■ Task requirements:
The line with "Graha Wedha Suite Kuta By Kamara" starts the range, and the last line of the listing ends it. Retype that range exactly, without pictures.

*** Extracted entries ***

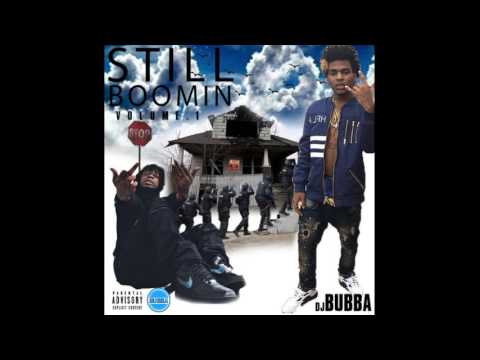 G$ Lil Ronnie - Letter 2 My Brotha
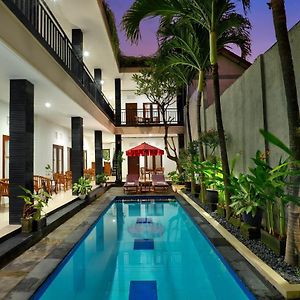 Graha Wedha Suite Kuta By Kamara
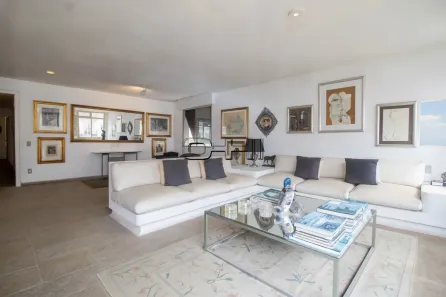 Apartamento com 4 Quartos à venda, 213m² no Cerqueira César, São Paulo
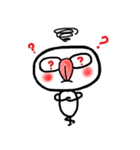 アビースタンプ（個別スタンプ：23）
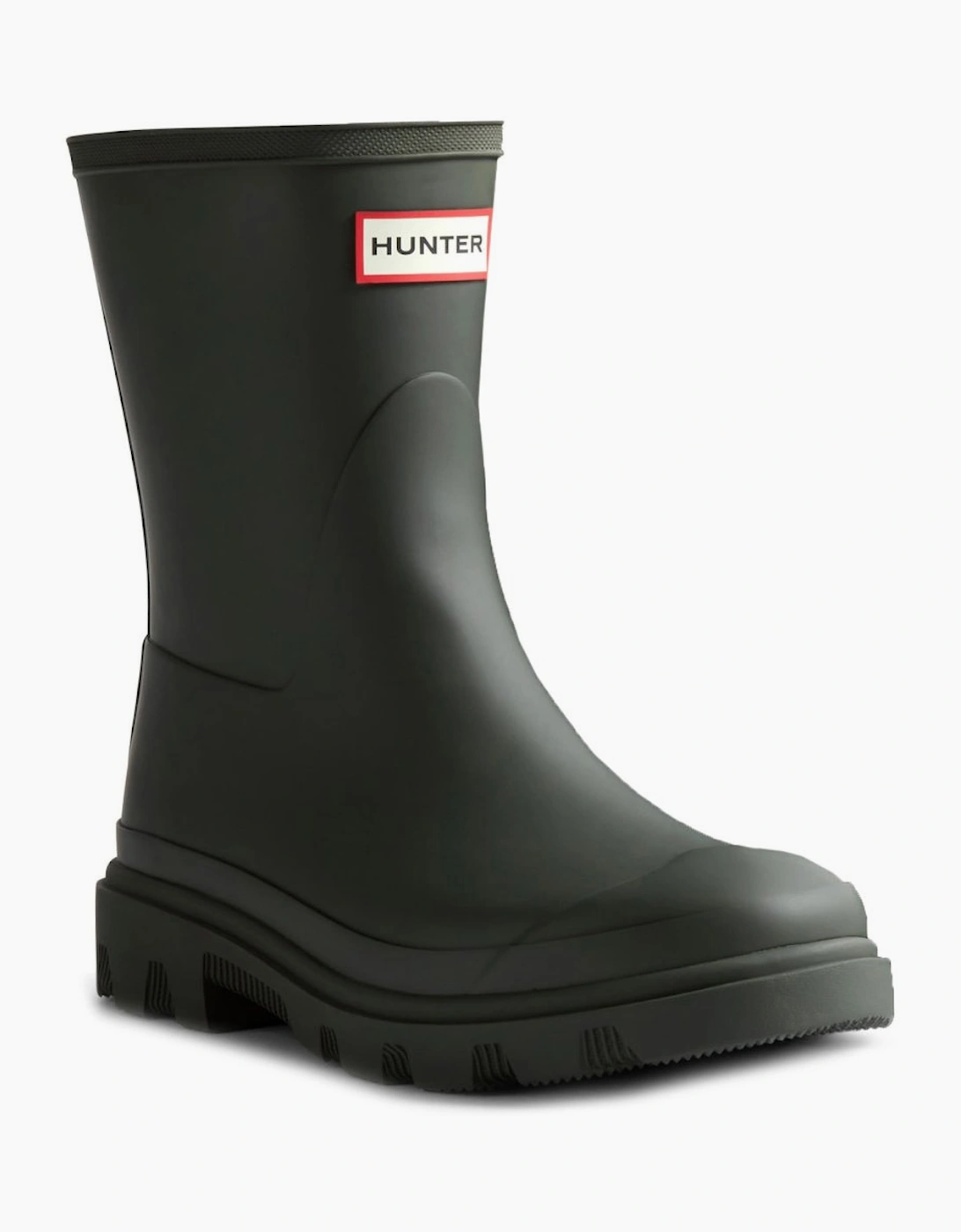 Downpour Short Womens Wellingtons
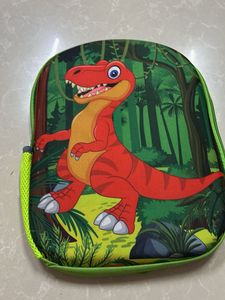 Kids Dinosaur Backpack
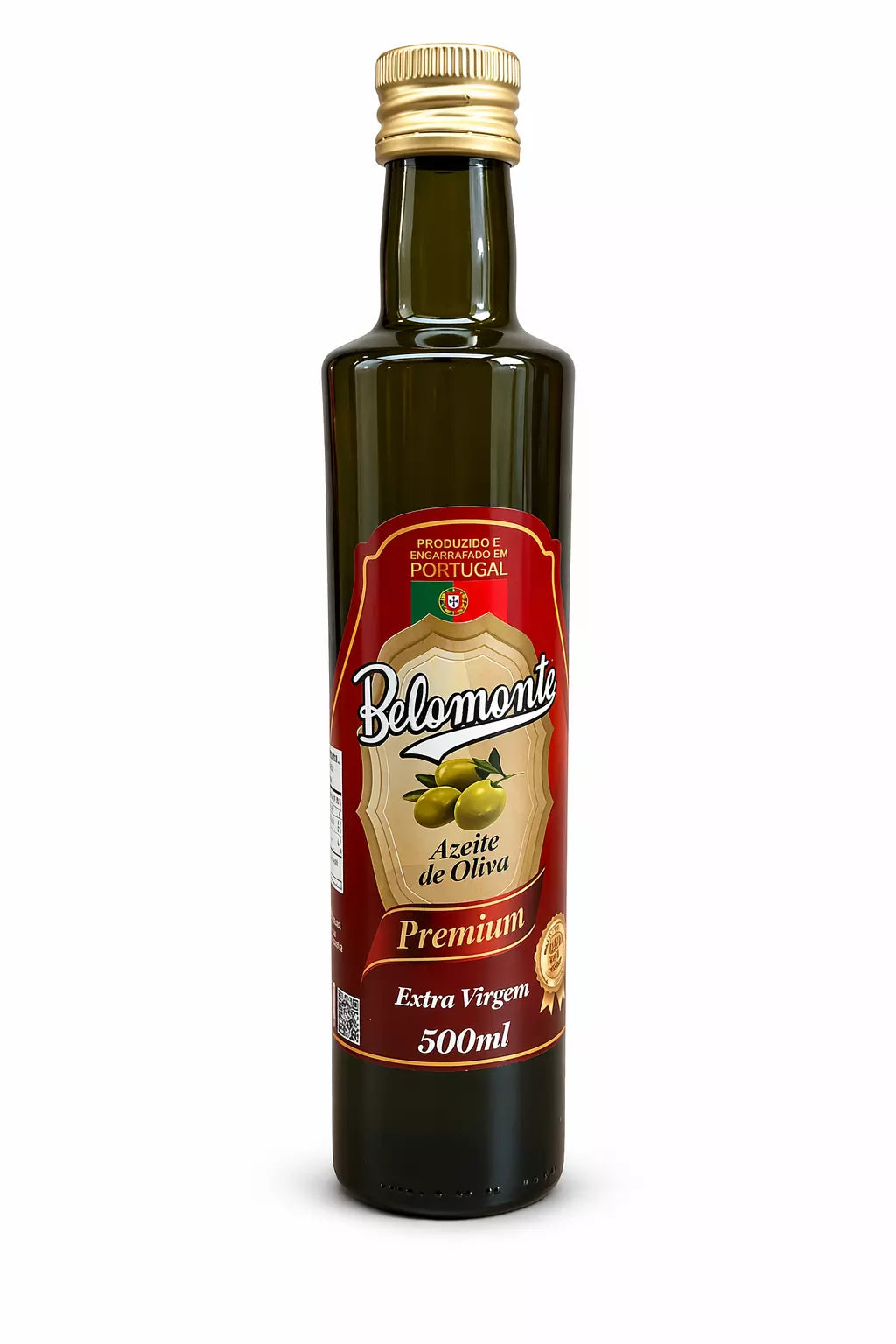 Kit Carbonara Premium Do Julhão - Grana Padano, Guanciale Italiano e Azeite Extra Virgem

*** End of Extracted entries ***

■ Answer section:
 Graha Wedha Suite Kuta By Kamara
 Apartamento com 4 Quartos à venda, 213m² no Cerqueira César, São Paulo
 アビースタンプ（個別スタンプ：23）
 Downpour Short Womens Wellingtons
 Kids Dinosaur Backpack
 Kit Carbonara Premium Do Julhão - Grana Padano, Guanciale Italiano e Azeite Extra Virgem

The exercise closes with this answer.